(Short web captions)

<<<<

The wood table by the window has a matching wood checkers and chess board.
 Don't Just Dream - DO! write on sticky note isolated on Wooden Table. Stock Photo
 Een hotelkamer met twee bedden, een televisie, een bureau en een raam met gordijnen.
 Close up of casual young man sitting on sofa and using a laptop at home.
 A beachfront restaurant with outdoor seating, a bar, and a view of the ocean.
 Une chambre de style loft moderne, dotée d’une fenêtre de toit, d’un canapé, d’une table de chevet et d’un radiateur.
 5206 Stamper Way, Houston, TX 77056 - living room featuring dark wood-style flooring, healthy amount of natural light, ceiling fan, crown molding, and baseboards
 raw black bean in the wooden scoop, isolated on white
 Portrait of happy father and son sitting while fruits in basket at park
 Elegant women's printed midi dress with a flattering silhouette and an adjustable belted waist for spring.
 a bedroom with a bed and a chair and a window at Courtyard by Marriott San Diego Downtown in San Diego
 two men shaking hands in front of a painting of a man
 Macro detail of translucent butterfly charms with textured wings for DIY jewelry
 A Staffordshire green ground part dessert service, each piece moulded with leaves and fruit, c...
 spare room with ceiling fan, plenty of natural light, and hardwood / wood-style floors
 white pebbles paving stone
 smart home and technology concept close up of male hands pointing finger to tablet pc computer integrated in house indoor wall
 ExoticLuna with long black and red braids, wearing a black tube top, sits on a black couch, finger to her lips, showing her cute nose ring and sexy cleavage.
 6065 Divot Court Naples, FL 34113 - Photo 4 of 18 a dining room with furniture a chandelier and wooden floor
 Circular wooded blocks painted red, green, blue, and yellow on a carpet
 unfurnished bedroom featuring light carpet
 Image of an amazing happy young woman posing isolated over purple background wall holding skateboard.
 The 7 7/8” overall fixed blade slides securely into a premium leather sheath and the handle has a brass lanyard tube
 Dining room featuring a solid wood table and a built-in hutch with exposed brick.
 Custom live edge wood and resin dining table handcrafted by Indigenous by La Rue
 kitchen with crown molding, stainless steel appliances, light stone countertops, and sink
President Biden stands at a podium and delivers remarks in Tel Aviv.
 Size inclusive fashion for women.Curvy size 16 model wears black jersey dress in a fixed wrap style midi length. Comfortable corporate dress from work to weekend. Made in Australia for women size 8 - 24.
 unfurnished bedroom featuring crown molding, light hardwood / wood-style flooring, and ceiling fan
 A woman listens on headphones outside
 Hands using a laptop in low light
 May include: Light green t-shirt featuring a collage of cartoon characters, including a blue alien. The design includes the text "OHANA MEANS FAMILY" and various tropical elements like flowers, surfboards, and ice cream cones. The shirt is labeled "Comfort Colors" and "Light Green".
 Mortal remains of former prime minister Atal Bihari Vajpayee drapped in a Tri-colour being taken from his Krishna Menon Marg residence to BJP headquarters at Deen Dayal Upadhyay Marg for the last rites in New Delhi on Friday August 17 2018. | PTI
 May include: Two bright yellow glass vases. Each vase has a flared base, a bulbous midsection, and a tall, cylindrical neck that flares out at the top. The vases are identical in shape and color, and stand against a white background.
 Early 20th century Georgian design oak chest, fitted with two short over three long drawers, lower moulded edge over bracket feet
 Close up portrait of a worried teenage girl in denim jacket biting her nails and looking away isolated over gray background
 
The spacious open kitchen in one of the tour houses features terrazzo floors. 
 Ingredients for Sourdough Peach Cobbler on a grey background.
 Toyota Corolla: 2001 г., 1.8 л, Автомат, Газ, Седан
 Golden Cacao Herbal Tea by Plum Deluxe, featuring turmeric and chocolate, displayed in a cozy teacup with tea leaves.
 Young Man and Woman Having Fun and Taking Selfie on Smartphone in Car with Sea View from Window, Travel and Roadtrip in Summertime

>>>>

## WHAT TO DO
Repeat every record above exactly as it appears.

## EXERCISE SOLUTION
The wood table by the window has a matching wood checkers and chess board.
 Don't Just Dream - DO! write on sticky note isolated on Wooden Table. Stock Photo
 Een hotelkamer met twee bedden, een televisie, een bureau en een raam met gordijnen.
 Close up of casual young man sitting on sofa and using a laptop at home.
 A beachfront restaurant with outdoor seating, a bar, and a view of the ocean.
 Une chambre de style loft moderne, dotée d’une fenêtre de toit, d’un canapé, d’une table de chevet et d’un radiateur.
 5206 Stamper Way, Houston, TX 77056 - living room featuring dark wood-style flooring, healthy amount of natural light, ceiling fan, crown molding, and baseboards
 raw black bean in the wooden scoop, isolated on white
 Portrait of happy father and son sitting while fruits in basket at park
 Elegant women's printed midi dress with a flattering silhouette and an adjustable belted waist for spring.
 a bedroom with a bed and a chair and a window at Courtyard by Marriott San Diego Downtown in San Diego
 two men shaking hands in front of a painting of a man
 Macro detail of translucent butterfly charms with textured wings for DIY jewelry
 A Staffordshire green ground part dessert service, each piece moulded with leaves and fruit, c...
 spare room with ceiling fan, plenty of natural light, and hardwood / wood-style floors
 white pebbles paving stone
 smart home and technology concept close up of male hands pointing finger to tablet pc computer integrated in house indoor wall
 ExoticLuna with long black and red braids, wearing a black tube top, sits on a black couch, finger to her lips, showing her cute nose ring and sexy cleavage.
 6065 Divot Court Naples, FL 34113 - Photo 4 of 18 a dining room with furniture a chandelier and wooden floor
 Circular wooded blocks painted red, green, blue, and yellow on a carpet
 unfurnished bedroom featuring light carpet
 Image of an amazing happy young woman posing isolated over purple background wall holding skateboard.
 The 7 7/8” overall fixed blade slides securely into a premium leather sheath and the handle has a brass lanyard tube
 Dining room featuring a solid wood table and a built-in hutch with exposed brick.
 Custom live edge wood and resin dining table handcrafted by Indigenous by La Rue
 kitchen with crown molding, stainless steel appliances, light stone countertops, and sink
President Biden stands at a podium and delivers remarks in Tel Aviv.
 Size inclusive fashion for women.Curvy size 16 model wears black jersey dress in a fixed wrap style midi length. Comfortable corporate dress from work to weekend. Made in Australia for women size 8 - 24.
 unfurnished bedroom featuring crown molding, light hardwood / wood-style flooring, and ceiling fan
 A woman listens on headphones outside
 Hands using a laptop in low light
 May include: Light green t-shirt featuring a collage of cartoon characters, including a blue alien. The design includes the text "OHANA MEANS FAMILY" and various tropical elements like flowers, surfboards, and ice cream cones. The shirt is labeled "Comfort Colors" and "Light Green".
 Mortal remains of former prime minister Atal Bihari Vajpayee drapped in a Tri-colour being taken from his Krishna Menon Marg residence to BJP headquarters at Deen Dayal Upadhyay Marg for the last rites in New Delhi on Friday August 17 2018. | PTI
 May include: Two bright yellow glass vases. Each vase has a flared base, a bulbous midsection, and a tall, cylindrical neck that flares out at the top. The vases are identical in shape and color, and stand against a white background.
 Early 20th century Georgian design oak chest, fitted with two short over three long drawers, lower moulded edge over bracket feet
 Close up portrait of a worried teenage girl in denim jacket biting her nails and looking away isolated over gray background
 
The spacious open kitchen in one of the tour houses features terrazzo floors. 
 Ingredients for Sourdough Peach Cobbler on a grey background.
 Toyota Corolla: 2001 г., 1.8 л, Автомат, Газ, Седан
 Golden Cacao Herbal Tea by Plum Deluxe, featuring turmeric and chocolate, displayed in a cozy teacup with tea leaves.
 Young Man and Woman Having Fun and Taking Selfie on Smartphone in Car with Sea View from Window, Travel and Roadtrip in Summertime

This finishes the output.